__PROVIDED DATA__.
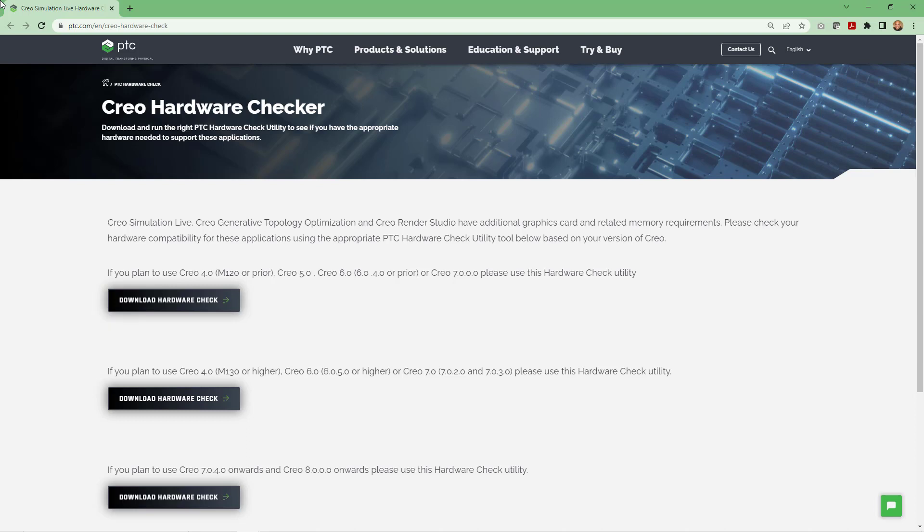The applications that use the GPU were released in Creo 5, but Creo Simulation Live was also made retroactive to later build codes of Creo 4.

--

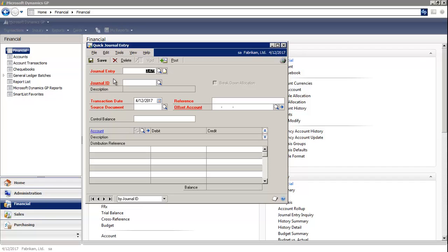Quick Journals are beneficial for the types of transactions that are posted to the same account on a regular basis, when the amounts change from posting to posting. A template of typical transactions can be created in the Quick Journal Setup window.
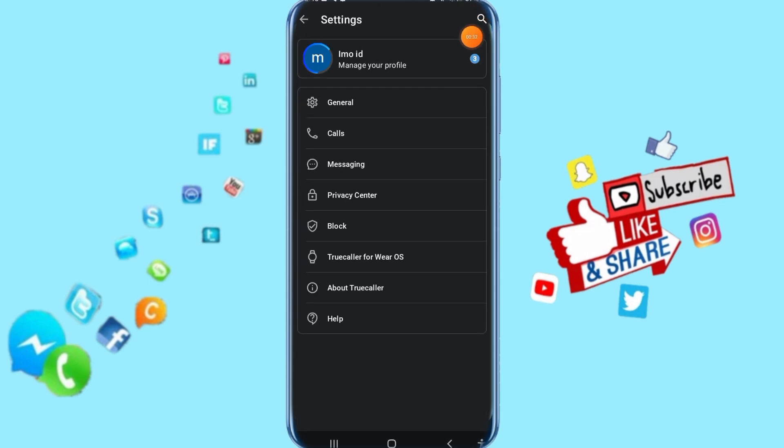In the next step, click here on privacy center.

--

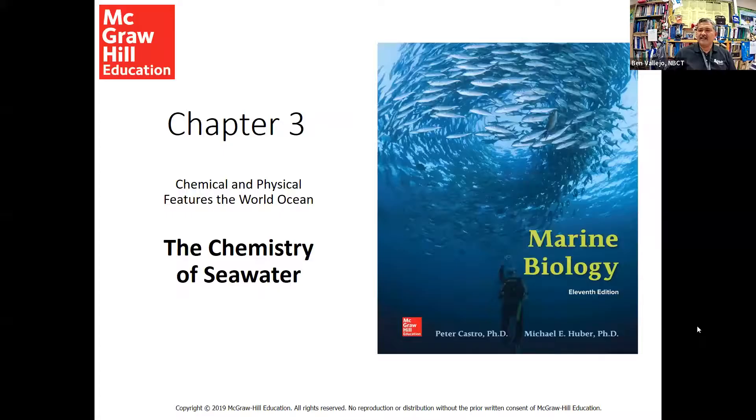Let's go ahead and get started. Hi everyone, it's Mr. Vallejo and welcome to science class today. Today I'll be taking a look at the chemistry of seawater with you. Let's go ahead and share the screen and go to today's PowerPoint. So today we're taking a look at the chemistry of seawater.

__REQUIREMENT__. Above are the records. Copy word for word only their lines from the one holding "Quick Journals are" through the one holding "In the next", both included, and skip the images.

__RESPONSE TO THIS EXERCISE__.
Quick Journals are beneficial for the types of transactions that are posted to the same account on a regular basis, when the amounts change from posting to posting. A template of typical transactions can be created in the Quick Journal Setup window.
In the next step, click here on privacy center.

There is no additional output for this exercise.